Not available in Data Collector Edge pipelines.
- Stage events are generated based on the processing logic of the stage. For a list of event-generating stages, see Stage Event Generation.
- Events generate event records to pass relevant information
regarding the event, such as the path to the file that was closed.
Stage-generated event records differ from stage to stage. For a description of stage events, see "Event Record" in the documentation for the event-generating stage. For a description of pipeline events, see Pipeline Event Records.
- In the simplest use case, you can route stage event records to a destination to save event information.
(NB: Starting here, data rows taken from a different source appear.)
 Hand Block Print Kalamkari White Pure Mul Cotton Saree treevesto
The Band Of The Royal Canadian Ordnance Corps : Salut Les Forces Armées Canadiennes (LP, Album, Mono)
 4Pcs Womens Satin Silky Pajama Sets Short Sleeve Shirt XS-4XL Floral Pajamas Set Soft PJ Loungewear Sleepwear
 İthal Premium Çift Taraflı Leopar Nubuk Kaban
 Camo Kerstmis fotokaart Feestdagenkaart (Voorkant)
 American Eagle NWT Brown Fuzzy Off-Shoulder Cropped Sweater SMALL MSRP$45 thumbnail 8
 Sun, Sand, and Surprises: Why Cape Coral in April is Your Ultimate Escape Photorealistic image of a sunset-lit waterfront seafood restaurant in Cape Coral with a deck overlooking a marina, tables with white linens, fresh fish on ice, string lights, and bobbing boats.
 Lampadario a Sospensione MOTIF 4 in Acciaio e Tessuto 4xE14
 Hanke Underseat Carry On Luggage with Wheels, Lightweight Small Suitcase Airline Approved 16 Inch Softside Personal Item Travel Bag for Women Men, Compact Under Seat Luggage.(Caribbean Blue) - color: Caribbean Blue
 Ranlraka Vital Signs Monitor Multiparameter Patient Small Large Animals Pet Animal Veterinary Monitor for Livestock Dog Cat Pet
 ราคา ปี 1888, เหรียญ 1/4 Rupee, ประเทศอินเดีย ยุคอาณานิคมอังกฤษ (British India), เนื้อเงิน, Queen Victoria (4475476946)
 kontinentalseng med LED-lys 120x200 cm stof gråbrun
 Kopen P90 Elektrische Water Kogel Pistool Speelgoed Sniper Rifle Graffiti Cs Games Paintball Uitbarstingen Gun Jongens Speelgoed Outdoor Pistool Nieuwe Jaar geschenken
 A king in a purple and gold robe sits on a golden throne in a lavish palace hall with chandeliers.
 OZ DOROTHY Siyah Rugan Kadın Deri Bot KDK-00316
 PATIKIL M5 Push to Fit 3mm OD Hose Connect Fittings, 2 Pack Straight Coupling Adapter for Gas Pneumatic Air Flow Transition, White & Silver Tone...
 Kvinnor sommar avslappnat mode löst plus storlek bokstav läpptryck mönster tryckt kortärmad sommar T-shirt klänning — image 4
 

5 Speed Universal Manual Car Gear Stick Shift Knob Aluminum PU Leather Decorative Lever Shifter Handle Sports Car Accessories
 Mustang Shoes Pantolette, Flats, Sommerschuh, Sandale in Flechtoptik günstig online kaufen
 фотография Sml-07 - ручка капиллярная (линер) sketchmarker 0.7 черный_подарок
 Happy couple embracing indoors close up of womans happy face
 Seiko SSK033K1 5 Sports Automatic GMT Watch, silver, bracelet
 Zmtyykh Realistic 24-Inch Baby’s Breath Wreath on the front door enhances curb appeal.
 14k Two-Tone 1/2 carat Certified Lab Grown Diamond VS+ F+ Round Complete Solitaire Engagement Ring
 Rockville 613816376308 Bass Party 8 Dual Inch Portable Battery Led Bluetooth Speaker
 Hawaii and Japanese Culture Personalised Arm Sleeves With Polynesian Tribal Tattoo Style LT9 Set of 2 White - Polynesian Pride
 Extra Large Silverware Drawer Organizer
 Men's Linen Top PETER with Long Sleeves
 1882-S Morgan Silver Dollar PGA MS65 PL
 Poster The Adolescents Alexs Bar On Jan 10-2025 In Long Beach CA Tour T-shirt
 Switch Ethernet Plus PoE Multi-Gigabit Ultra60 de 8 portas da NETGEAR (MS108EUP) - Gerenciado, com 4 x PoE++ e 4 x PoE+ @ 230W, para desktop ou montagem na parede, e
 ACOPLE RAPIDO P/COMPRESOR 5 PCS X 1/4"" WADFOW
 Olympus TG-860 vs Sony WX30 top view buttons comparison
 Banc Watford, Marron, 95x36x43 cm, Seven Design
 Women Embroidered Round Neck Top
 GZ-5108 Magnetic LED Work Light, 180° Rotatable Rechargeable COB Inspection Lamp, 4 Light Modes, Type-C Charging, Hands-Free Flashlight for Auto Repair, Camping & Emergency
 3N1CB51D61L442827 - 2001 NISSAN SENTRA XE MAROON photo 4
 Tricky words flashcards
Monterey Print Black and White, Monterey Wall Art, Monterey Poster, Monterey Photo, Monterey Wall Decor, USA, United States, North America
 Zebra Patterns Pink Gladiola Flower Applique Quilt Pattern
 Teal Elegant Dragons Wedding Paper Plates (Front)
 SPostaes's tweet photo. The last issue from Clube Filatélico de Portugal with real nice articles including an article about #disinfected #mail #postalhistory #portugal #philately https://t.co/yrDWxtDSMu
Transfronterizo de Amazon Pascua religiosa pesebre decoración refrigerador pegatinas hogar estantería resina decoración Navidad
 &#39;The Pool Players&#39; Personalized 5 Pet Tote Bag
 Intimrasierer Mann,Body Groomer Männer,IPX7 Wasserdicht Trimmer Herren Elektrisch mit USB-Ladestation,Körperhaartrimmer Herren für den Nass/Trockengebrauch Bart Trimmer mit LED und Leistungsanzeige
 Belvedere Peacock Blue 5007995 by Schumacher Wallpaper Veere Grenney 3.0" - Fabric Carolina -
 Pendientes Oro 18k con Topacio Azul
- You can route stage event records to an executor stage so it can perform a task
upon receiving an event.
For a list of logical event generation and executor pairings, see Logical Pairings.
Not available in Data Collector Edge pipelines. Executors are not supported in Data Collector Edge pipelines.
- You can add processors to event streams for stage events or to consuming
pipelines for pipeline events.
For example, you might add an Expression Evaluator to add the event generation time to an event record before writing it to a destination. Or, you might use a Stream Selector to route different types of event records to different executors.
- When working with stage events, you cannot merge event streams with data streams.
- You can use the Dev Data Generator and To Event development stages to generate events for pipeline development and testing. For more information about the development stages, see Development Stages.
- In data preview, stage-generated event records display separately in the event-generating stage. Afterwards, they are treated like any standard record.
- You can configure data preview to generate and execute pipeline events.
For examples of how you might use the event framework, see the case studies earlier in this chapter.